Let’s talk about what goes into this Summer Berry Trifle. I wanted to create a trifle where every layer is perfection. It all starts with a sweet cream cheese pound cake recipe. I shared this recipe yesterday because it is hands down, my favorite pound cake recipe! Next, we are creating a custard filling by adding vanilla pudding, milk, sweetened condensed milk, cream cheese, and whipped cream. On a scale of 1-10, it is a 12. I can sit and watch Southern Charm on Bravo with a big bowl of this homemade sweet custard and be one happy girl. It is silky smooth, creamy, and sweet. The strawberries and blueberries are tossed with some sugar to bring out their sweetness and create some natural juices.
How to make the Perfect Berry Trifle:
- Start with the Perfect Cake. I use my cream cheese pound cake recipe because it holds up beautifully in a trifle dessert. It is heavy enough to hold its own when the cream and fruit are layered. If you want to save a few steps, you can use a cake mix or buy an angel food cake at the store.
- Make your own sweet custard layer. This starts with vanilla pudding mix and milk.
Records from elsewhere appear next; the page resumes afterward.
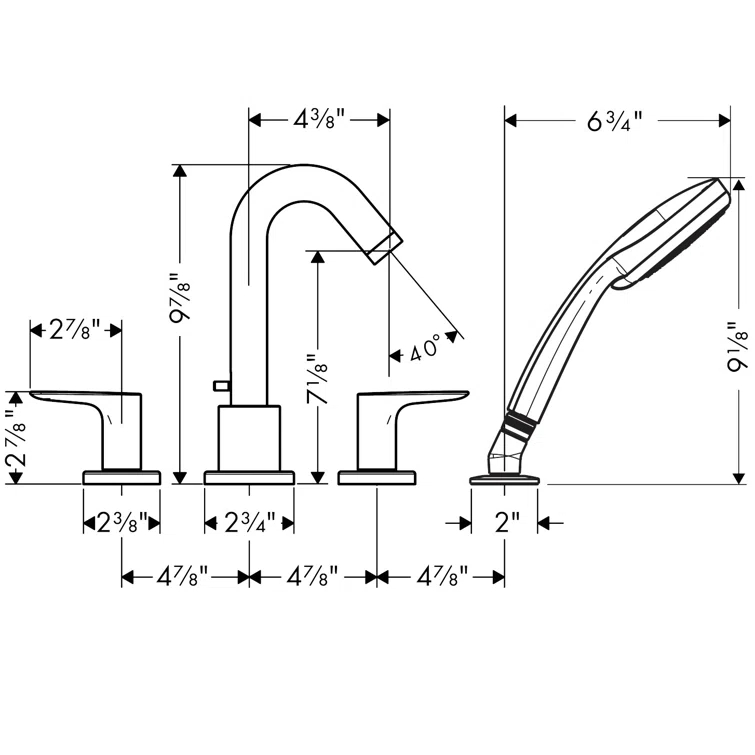 Logis Double Handle Deck Mounted Roman Tub Faucet Trim with Diverter and Handshower
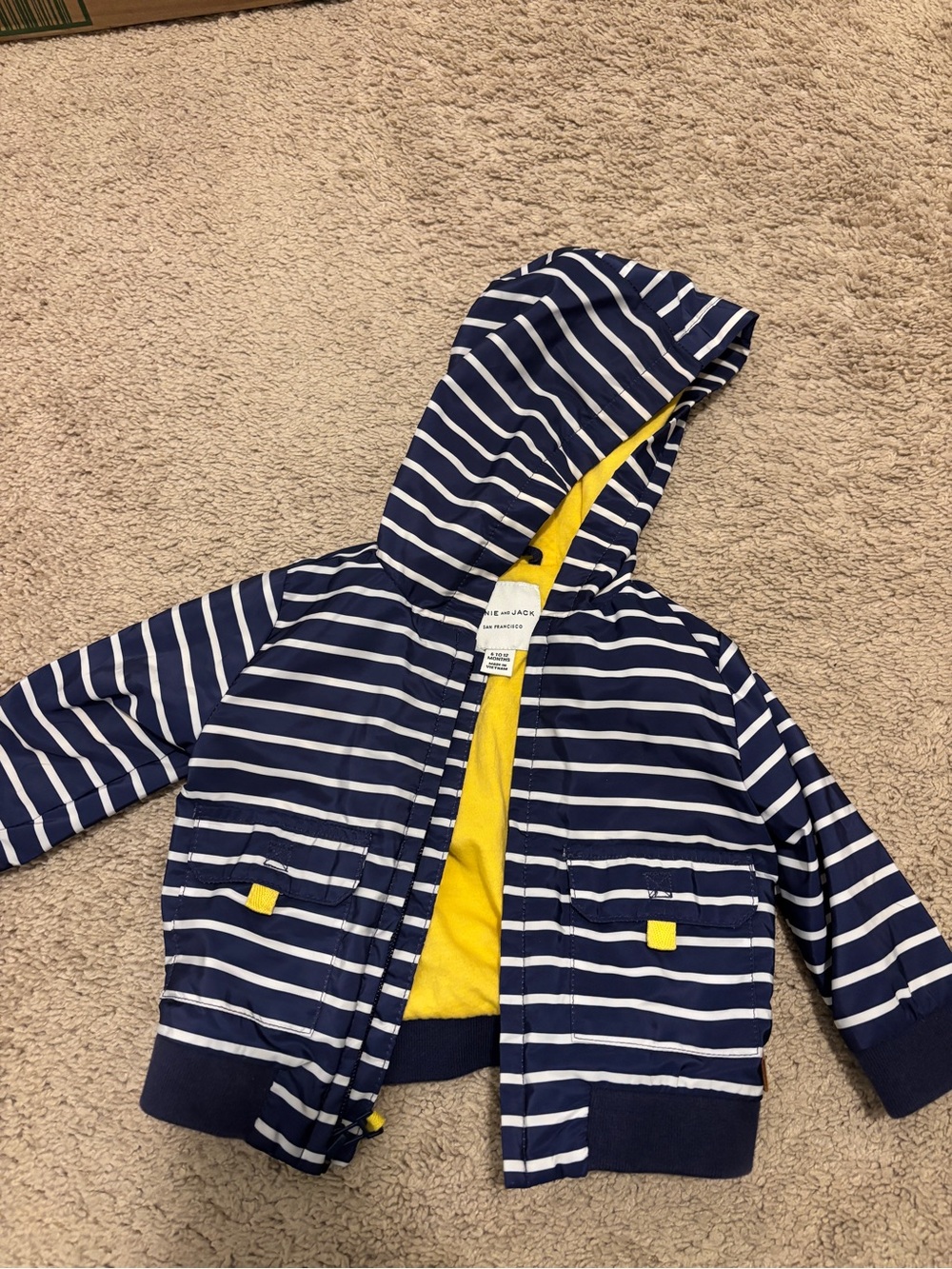 Janie and Jack Navy and White Striped Hooded Jacket with Yellow Lining
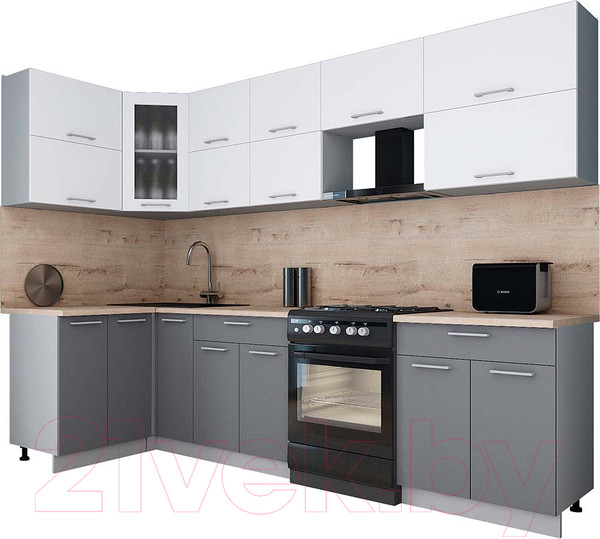 Изображение товара Кухонный гарнитур Интерлиния Мила Gloss 60-12x29 (белый/серый/травертин серый)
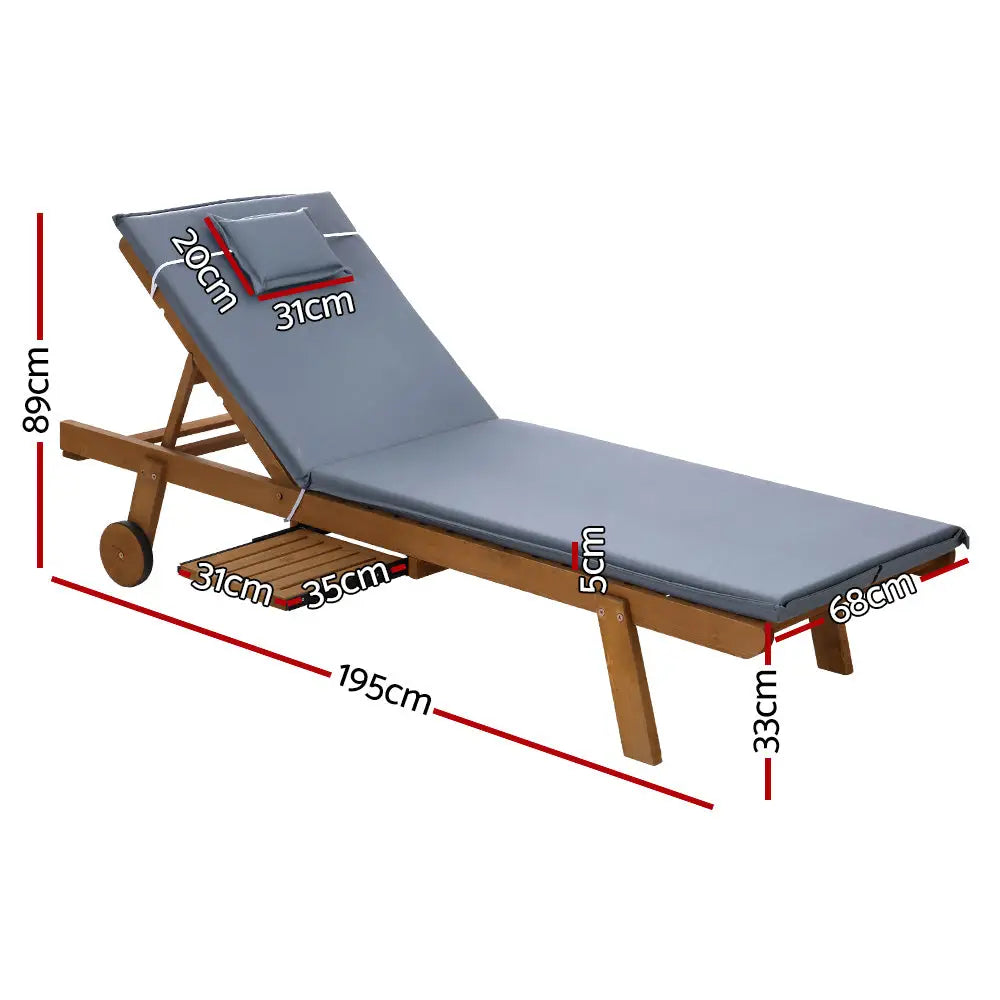 Gardeon Sun Lounge Wooden Lounger Outdoor Furniture Day Bed Wheels Patio Grey - Furniture > Outdoor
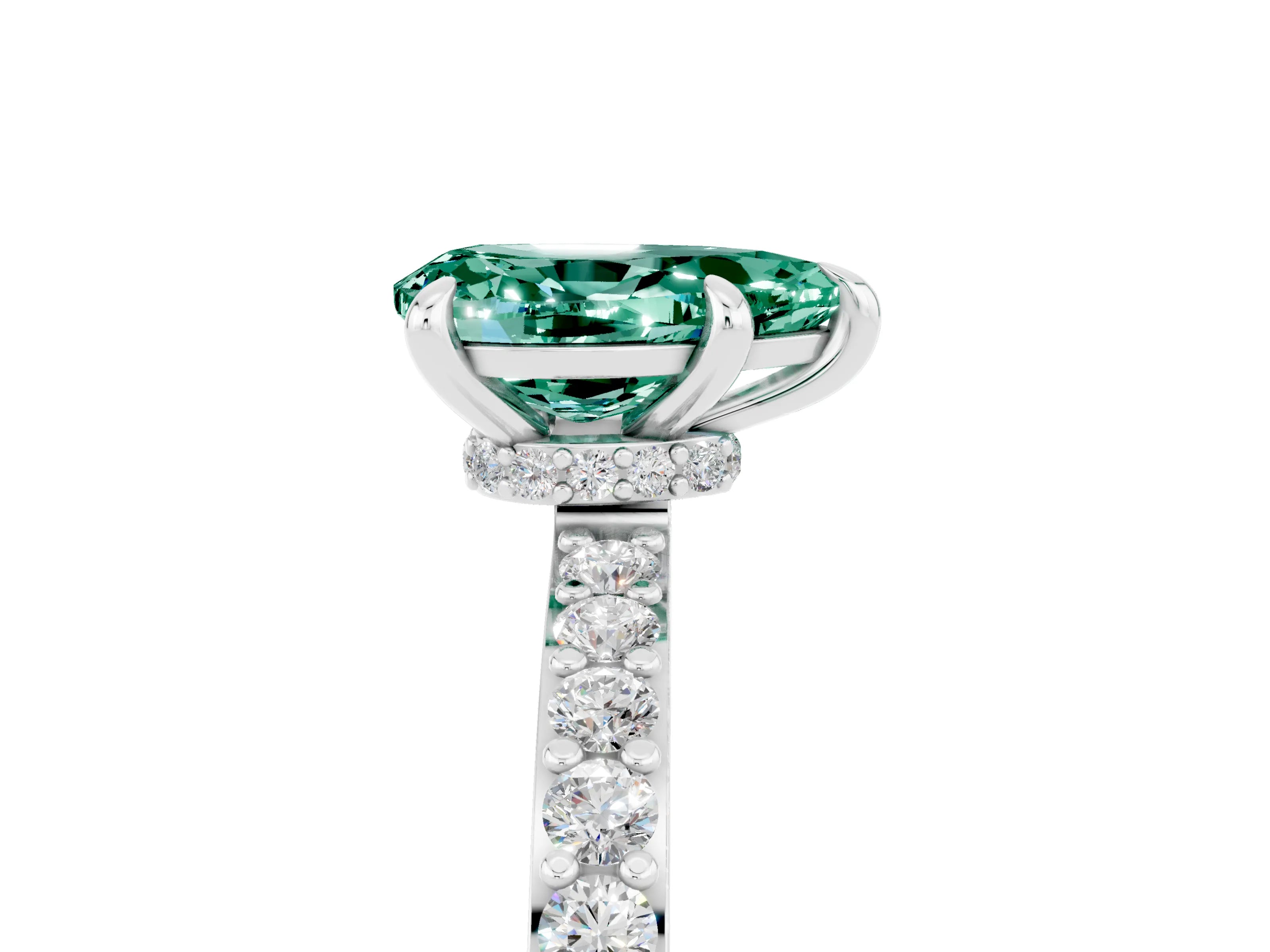 White gold Pear Cut Green Sapphire Pavé Engagement Ring with Round  Accents and Prong Setting_29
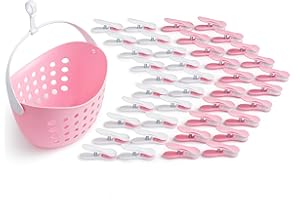 culiclean Clothes Pegs for Washing Line with Basket Strong Soft Grip 40 pcs "Soft Clips" + 1 Peg Basket, Laundry Pegs pink white white pink with Basket pink with Handle white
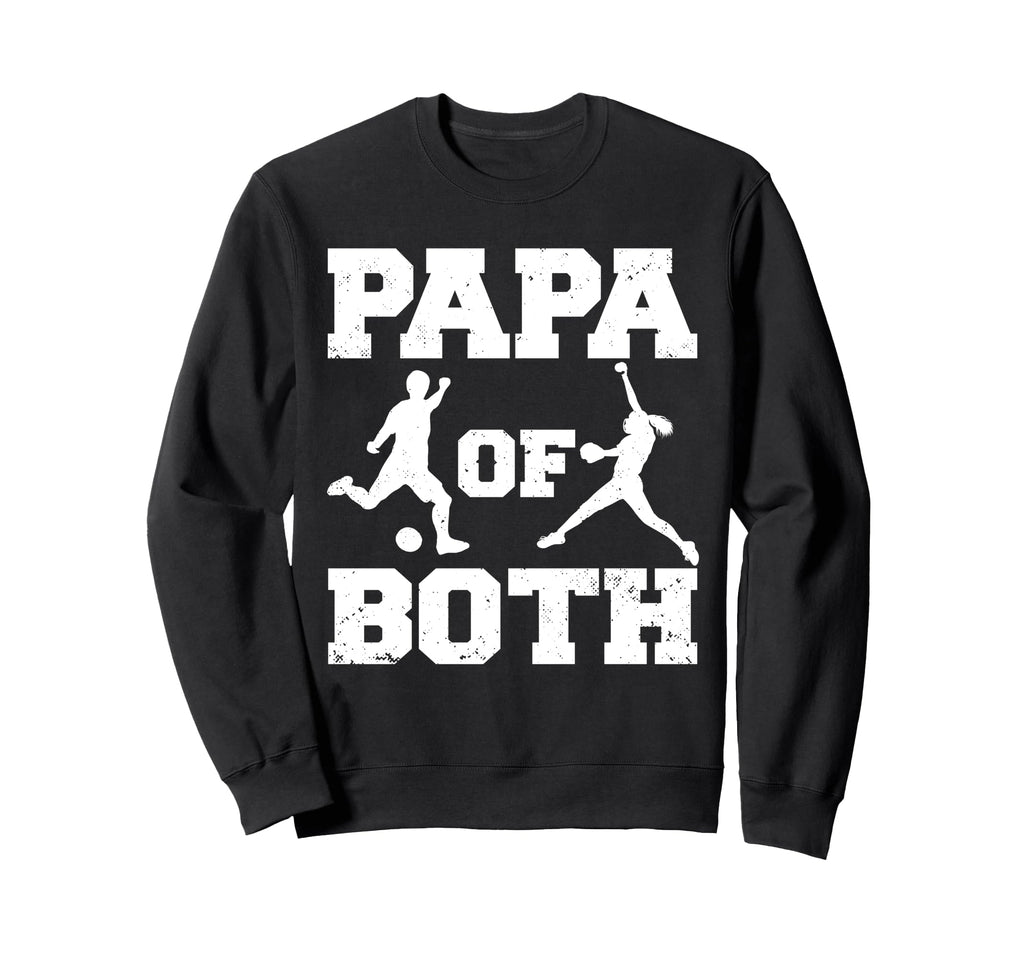 Papa Both Funny Soccer Softball Sweatshirt - Fun Novelty Design for Adults - T-Shirt, Sweatshirt, Hoodie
Sweetened condensed milk, cream cheese, and heavy cream are whipped together until light and fluffy. The key is to make sure the cream cheese is softened so it is smooth and creamy when whipped with the sweetened condensed milk.
- Sprinkle Strawberries and Blueberries with Sugar. This is a key step as it helps to create natural juices which help to keep the cake extra moist.
- This Trifle Dessert can be showcased in a Glass Trifle Bowl. Here’s a traditional glass trifle dish for about $17 bucks and here is an embossed glass trifle dish if you want something more unique.
- Chill and Refrigerate until ready to serve. This is a chilled dessert so it needs to be refrigerated until ready to serve. This helps the pudding to set up.
- Cream Cheese Pound Cake:
- 1½ cups Unsalted Butter (3 Sticks), softened
- 6 ounces Cream Cheese, softened
- 3 cups Sugar
- 1 Tablespoon Pure Vanilla Extract
- 4 Eggs plus 2 Egg Yolks
- ¼ cup Whole Milk (or Buttermilk)
- 3 cups Cake Flour
- 1 teaspoon Salt
- Custard Filling:
- 1 (5-ounce) Instant French Vanilla Pudding Mix
- 1½ cups Whole Milk
- 1 (8-ounce) pkg. Cream Cheese, softened
- 1 (14-ounce) can Sweetened Condensed Milk
- 1½ cups Heavy Whipping Cream
- Fresh Fruit:
- 2 lbs. Strawberries, sliced
- 1 (12-ounce) pkg. Blueberries
- Raspberries (optional)
- ⅓ cup Sugar
- Heat oven to 300 degrees. Spray 12-cup nonstick Bundt pan with baking spray with flour. Coat the pan well to prevent sticking.
- In a large mixing bowl, beat butter, cream cheese, and sugar on medium-high speed until light and fluffy, about 4 minutes. Add vanilla, eggs, egg yolks, and whole milk. Mix for 1-2 minutes.
- Stir in flour and salt and mix just until combined, avoid overmixing. Fold all ingredients together.
- Pour into prepared bundt pan. Gently tap pan on the counter to release air bubbles. Bake for 1 hour 15 minutes -- 1 hour 25 minutes, or until the cake tester comes out clean.
- Let cake cool in pan for 15 minutes. Invert cake onto rack and let cool completely. Cut into cubes.
- In a medium bowl, toss berries with sugar. Set aside and let juices form.
- To make Homemade Custard Filling: In a large bowl, beat together pudding mix and whole milk. In another bowl, whip cream cheese, and sweetened condensed milk until smooth and creamy. Add heavy cream and beat until soft peaks form about 5 minutes. Fold in the pudding.
- Layer cake, custard, and fresh fruit. Repeat.
- Chill in refrigerator until ready to serve.
I hope you love this patriotic 4th of July dessert! Happy Baking, my friends!